Most of the rest of the article is great
Beyond my specific points of criticism, the rest of the article is great (and has pretty graphics). There are jaw dropping numbers here. I’m pretty concerned about how the next few years of AI are going to play out, and this added to that a lot. And again, I was so excited to see new useful estimates of the energy cost of text, image, and video generation. You should read it!
They were so close… but didn’t nail the ending
This appears toward the end:
When you ask an AI model to write you a joke or generate a video of a puppy, that query comes with a small but measurable energy toll and an associated amount of emissions spewed into the atmosphere. Given that each individual request often uses less energy than running a kitchen appliance for a few moments, it may seem insignificant.
But as more of us turn to AI tools, these impacts start to add up. And increasingly, you don’t need to go looking to use AI: It’s being integrated into every corner of our digital lives.
I think this is a very bad way to talk about climate impacts of individual choices. I explained why here in my original post. This used to be climate ethics 101 but I worry a lot of the movement kind of forgot about that.
An aside that the authors seem very nice
As an aside I posted a LinkedIn comment criticizing the article and got very welcoming specific replies from one of the authors. Kudos to them.
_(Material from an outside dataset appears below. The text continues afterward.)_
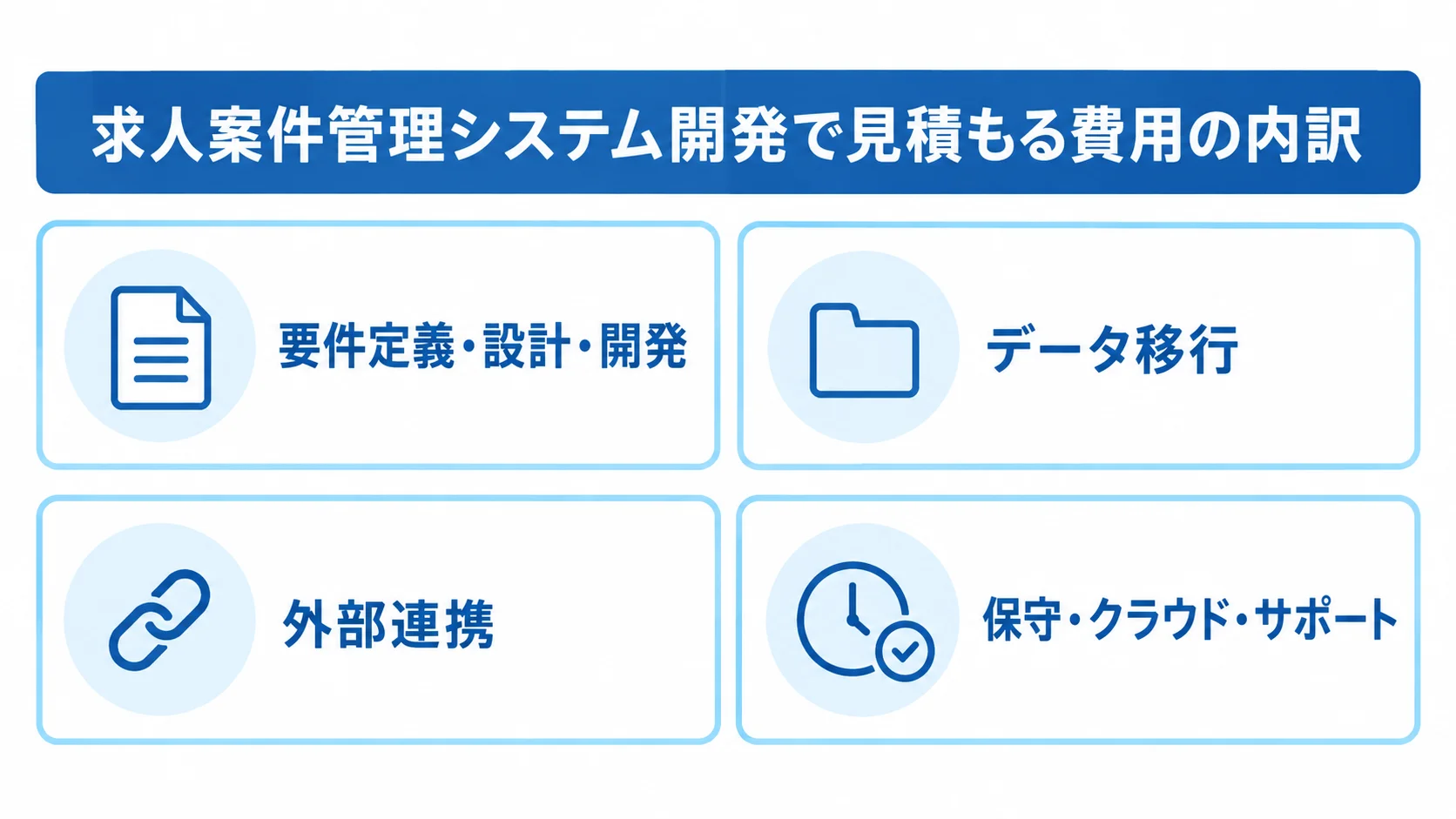 求人案件管理システムの費用を、要件定義・設計・開発、データ移行、外部連携、保守・クラウド・サポートの4項目に分けた図です。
I’m ultimately just some guy and always appreciate direct polite back-and-forth on this stuff.
Italian or otherwise
Thanks for continuing this conversation in your usual clear and informative way!
I'm not sure I understand how AI video can be so much more energy intensive than images or text. To a first approximation, isn't the energy consumption proportional to how many GPUs you need to run the model, and for how long? So unless video models need 10x more chips or take 10x as long to generate an output I don't see how they can consume 10x more energy (picked 10 as a random multiplier). AFAIK, the models aren't bigger and the videos don't take that much longer to generate, so where does the energy consumption come from? Is the user-facing latency just really uncorrelated with the actual generation time?